(Pictures with short captions)

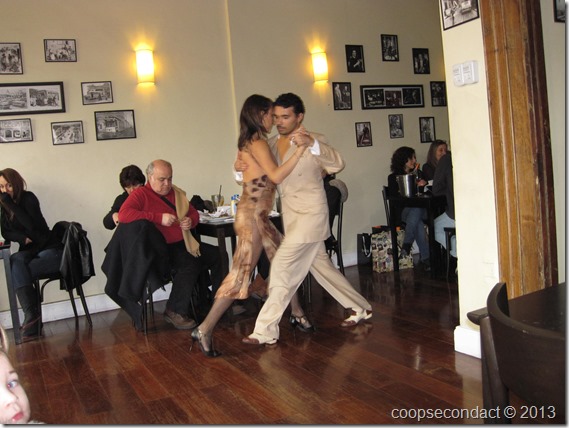Tango dancers-Drusila restaurant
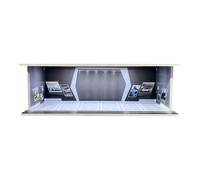 Sharplace Présentoir de voiture modèle moulé sous pression, échelle 1/64, avec scène de Parking, vitrine de Garage légère pour voitures jouets, cadeaux de, Gris
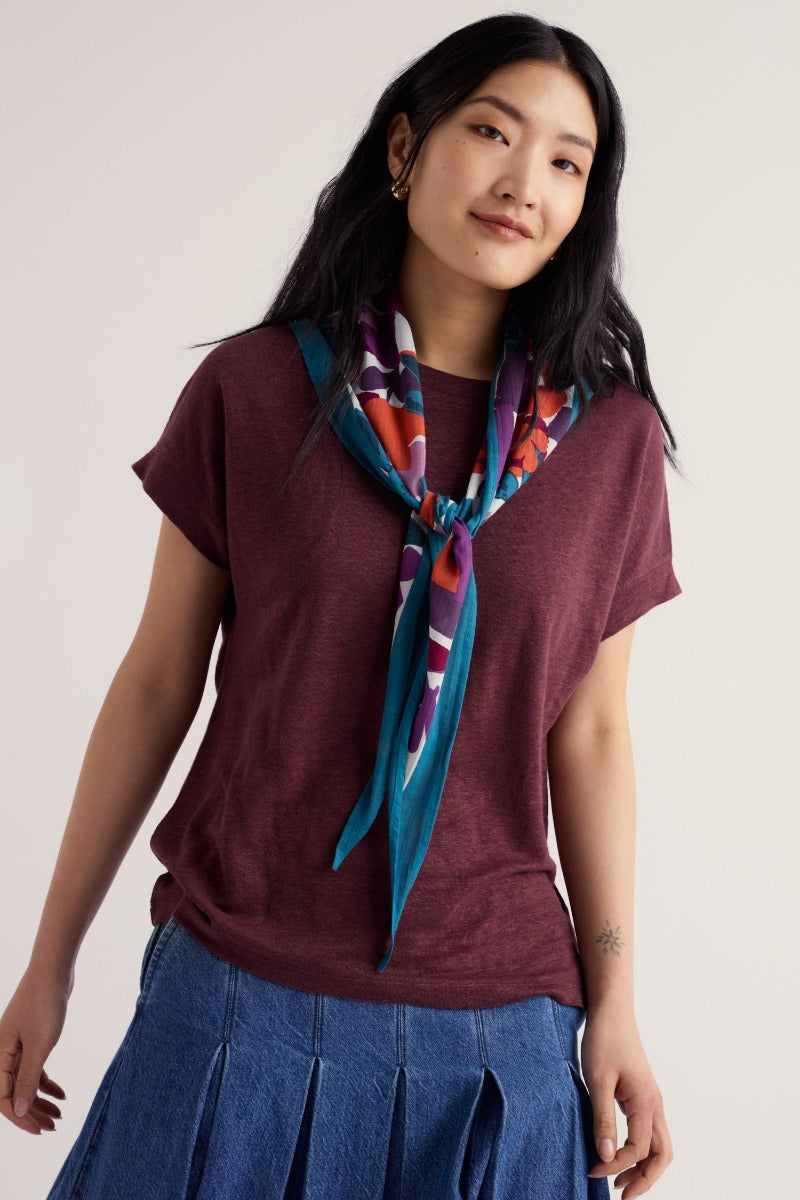 Posy Triangle Scarf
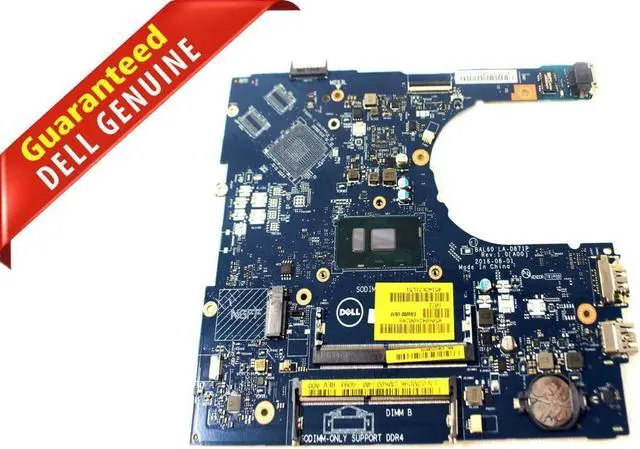 Main image of Dell Inspiron 15 5566 15.6" i3-7100U 2.4GHz Motherboard LA-D871P DMD9K 451A3K31L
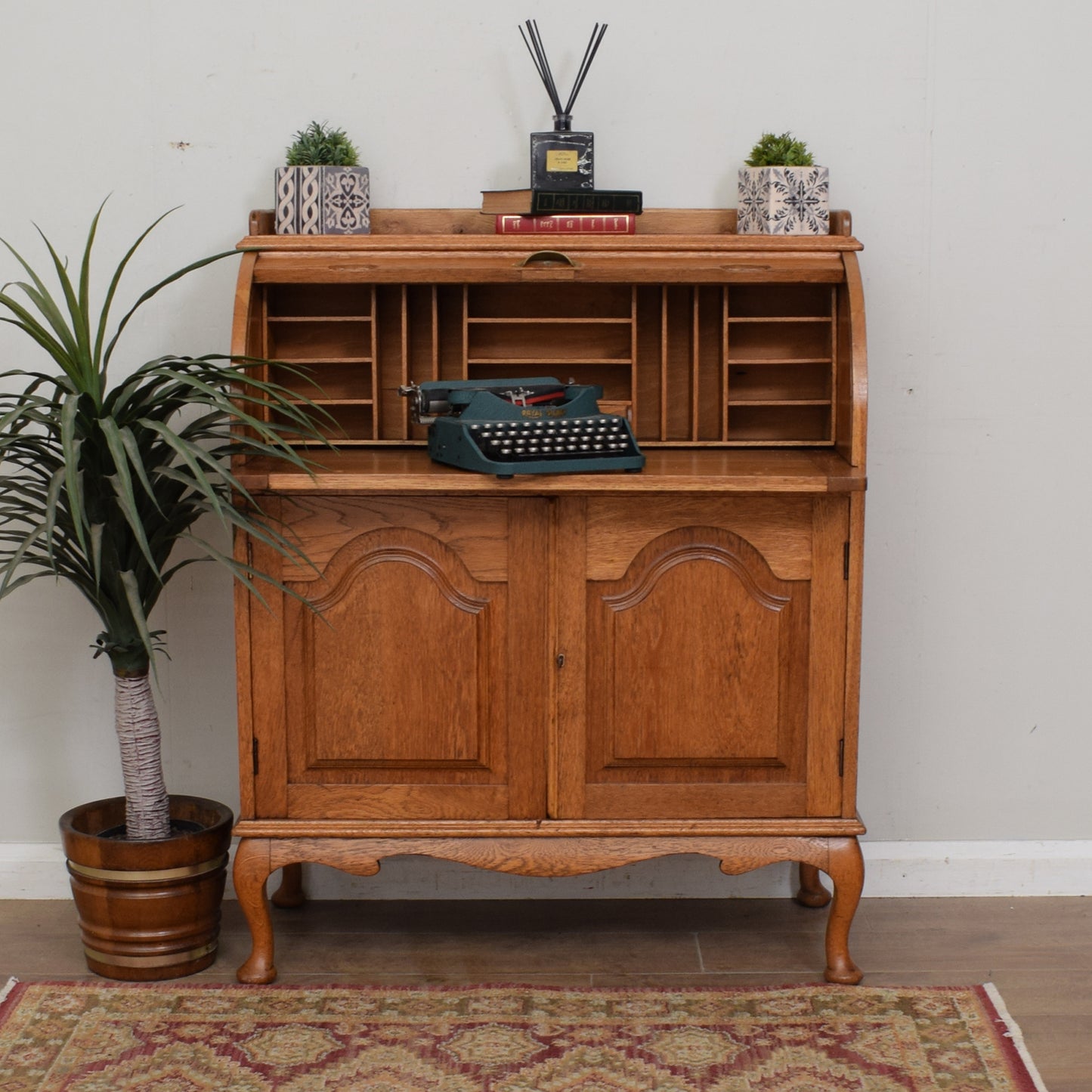 Oak Roll-top Bureau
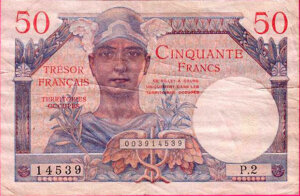 50 francs Trésor Français type 1947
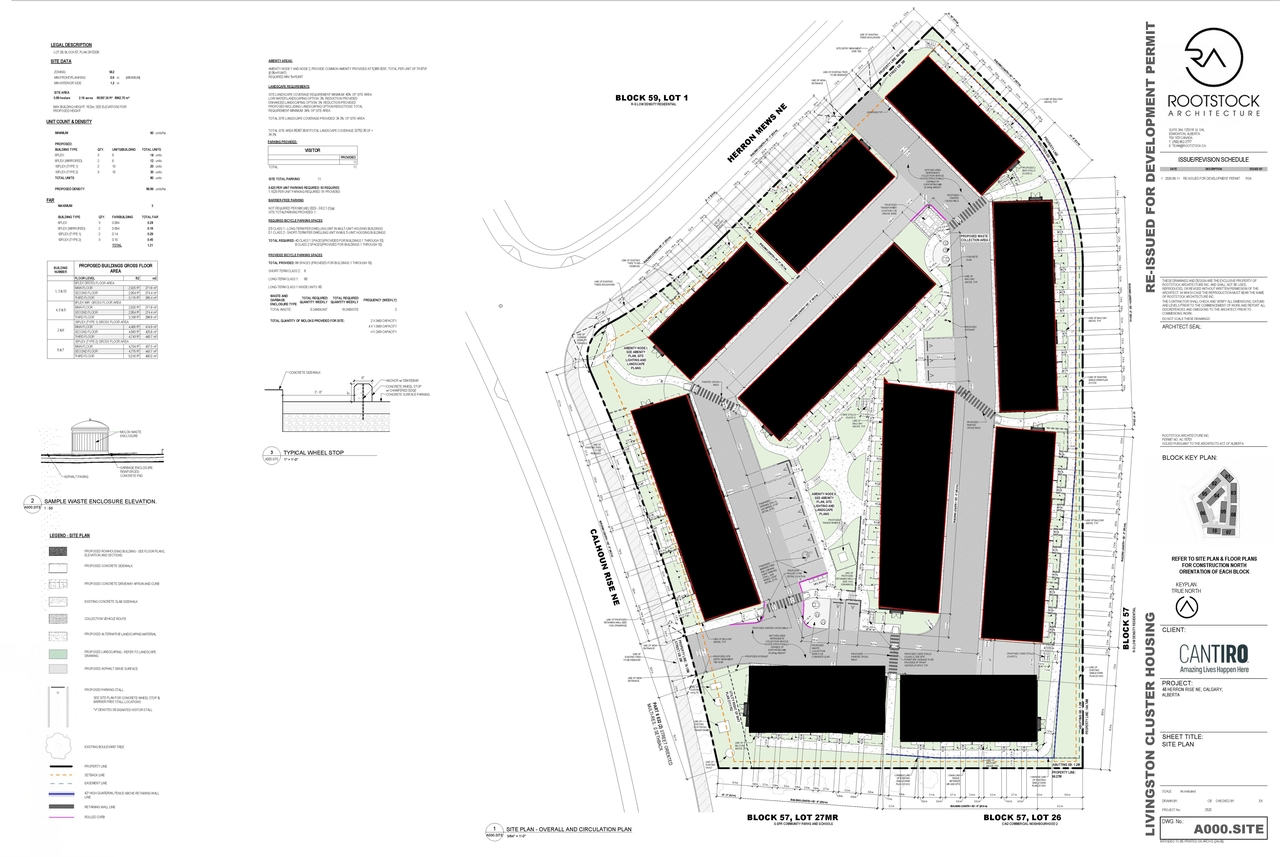 Construction site plan for project from page 12 of the file 'DP2026-00986 - DMAP Plans (amended) 2026-08-12 (4MB)'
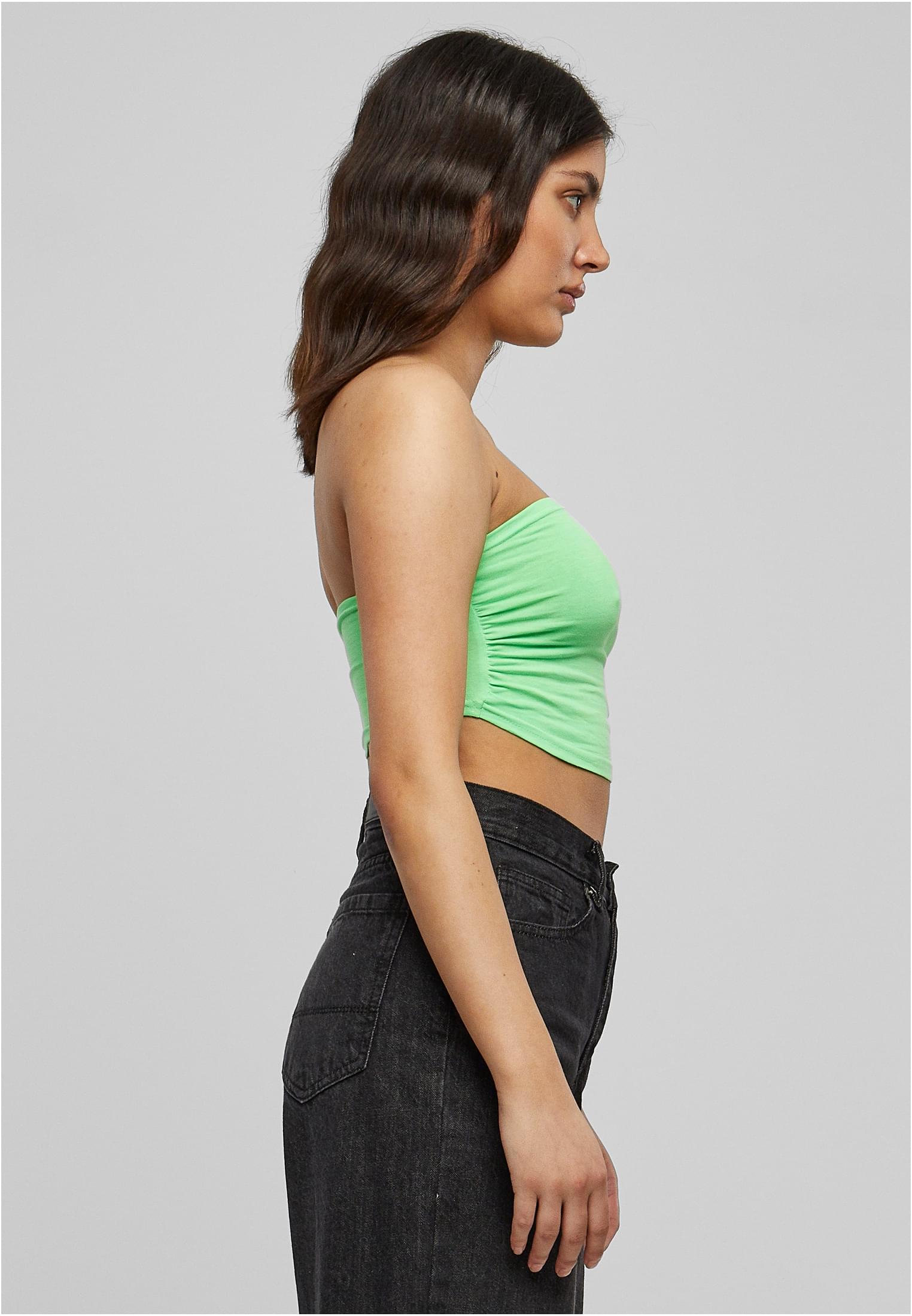 Ladies Neon Bandeau Top | neongreen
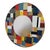 Wood Round Glass Mirror, 1980s For Sale - Image 7 of 7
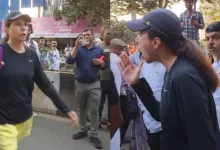 Angry Mumbai Woman Confronts State Minister At Rally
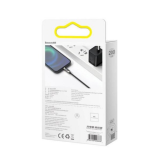 CABLU alimentare si date Baseus Display, Fast Charging Data Cable pt. smartphone, USB Type-C la Lighting iPhone 20W, braided, 2m, negru 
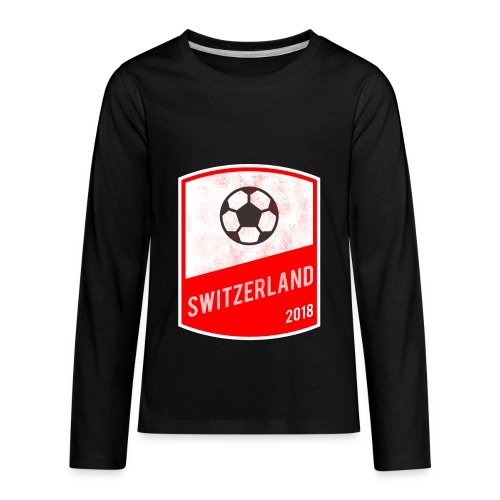 Switzerland Team - World Cup - Russia 2018 - Kids' Premium Long Sleeve T-Shirt
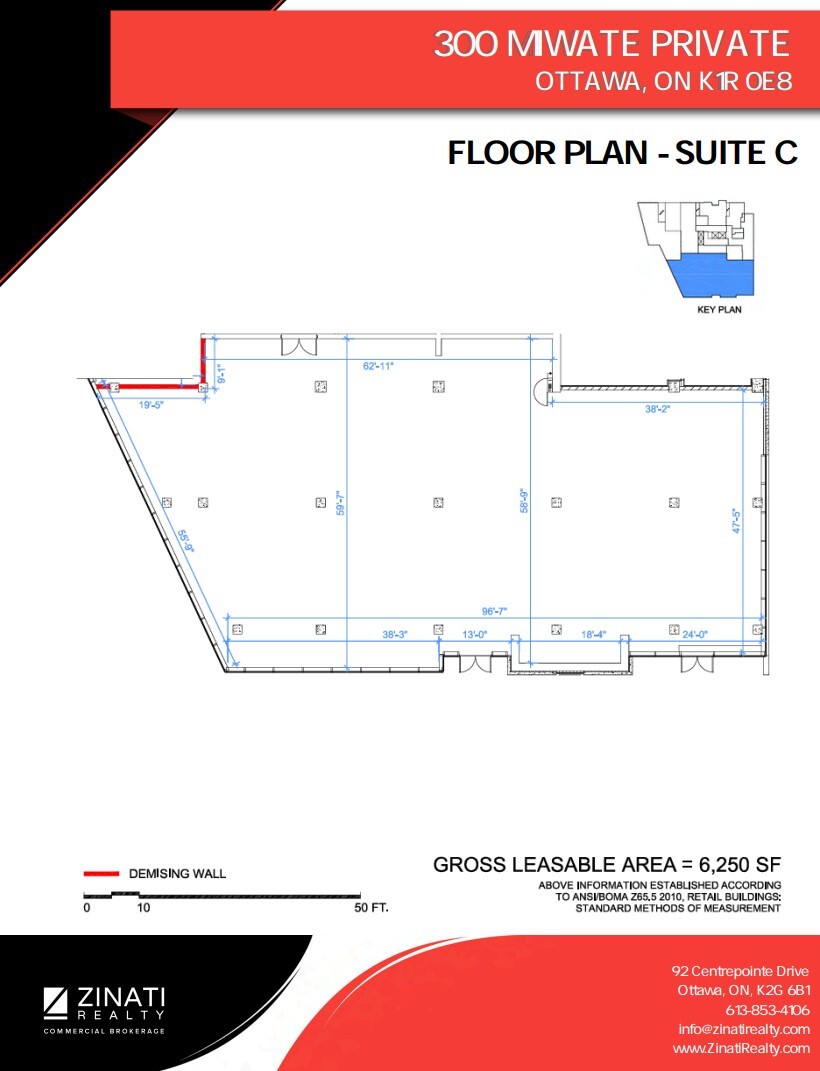 300 Miwate Pvt, Ottawa, ON en alquiler Plano de la planta- Imagen 1 de 2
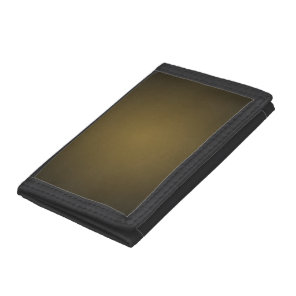 Trendy Tan and Black Grainy Vignette Tri-fold Wallet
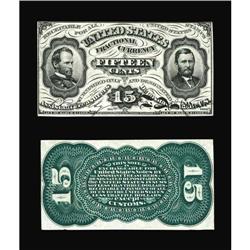 Fr. 1274SP 15c Third Issue Narrow Margin Pair Choice Ne 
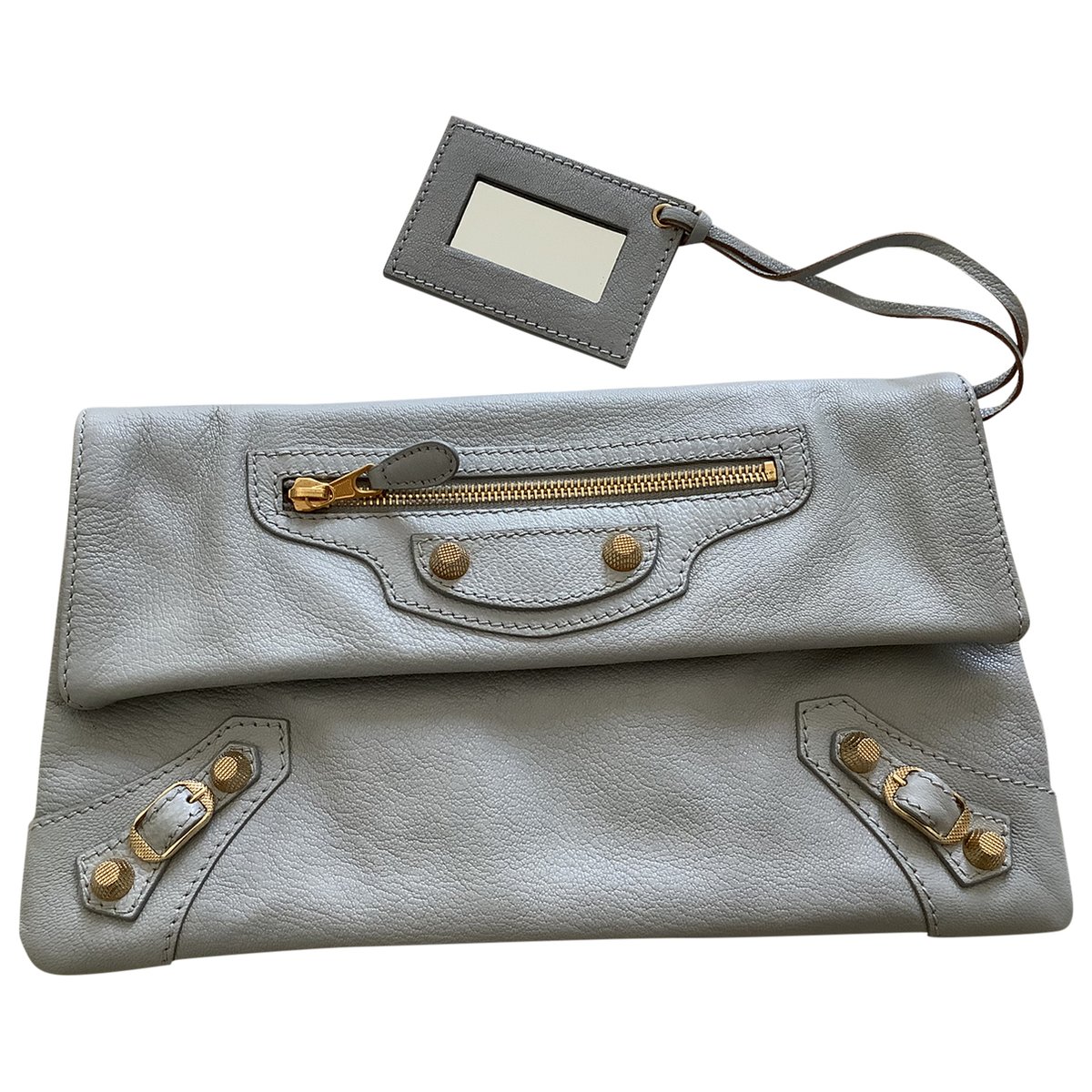 Envelop leather clutch bag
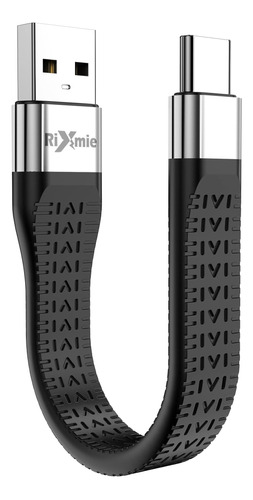 Cable Usb C Corto Rixmie [5,5 Pulgadas], Cable Corto Usb A A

Exercise objective:
Omit every picture, then repeat the remaining data exactly as it appears above.

Problem solution:
Tango dancers-Drusila restaurant
 Sharplace Présentoir de voiture modèle moulé sous pression, échelle 1/64, avec scène de Parking, vitrine de Garage légère pour voitures jouets, cadeaux de, Gris
 Posy Triangle Scarf
 Main image of Dell Inspiron 15 5566 15.6" i3-7100U 2.4GHz Motherboard LA-D871P DMD9K 451A3K31L
 Oak Roll-top Bureau
 50 francs Trésor Français type 1947
 Construction site plan for project from page 12 of the file 'DP2026-00986 - DMAP Plans (amended) 2026-08-12 (4MB)'
 Ladies Neon Bandeau Top | neongreen
 Wood Round Glass Mirror, 1980s For Sale - Image 7 of 7
 Angry Mumbai Woman Confronts State Minister At Rally
 CABLU alimentare si date Baseus Display, Fast Charging Data Cable pt. smartphone, USB Type-C la Lighting iPhone 20W, braided, 2m, negru 
 Switzerland Team - World Cup - Russia 2018 - Kids' Premium Long Sleeve T-Shirt
 300 Miwate Pvt, Ottawa, ON en alquiler Plano de la planta- Imagen 1 de 2
 Trendy Tan and Black Grainy Vignette Tri-fold Wallet
 Fr. 1274SP 15c Third Issue Narrow Margin Pair Choice Ne 
 Envelop leather clutch bag
 Cable Usb C Corto Rixmie [5,5 Pulgadas], Cable Corto Usb A A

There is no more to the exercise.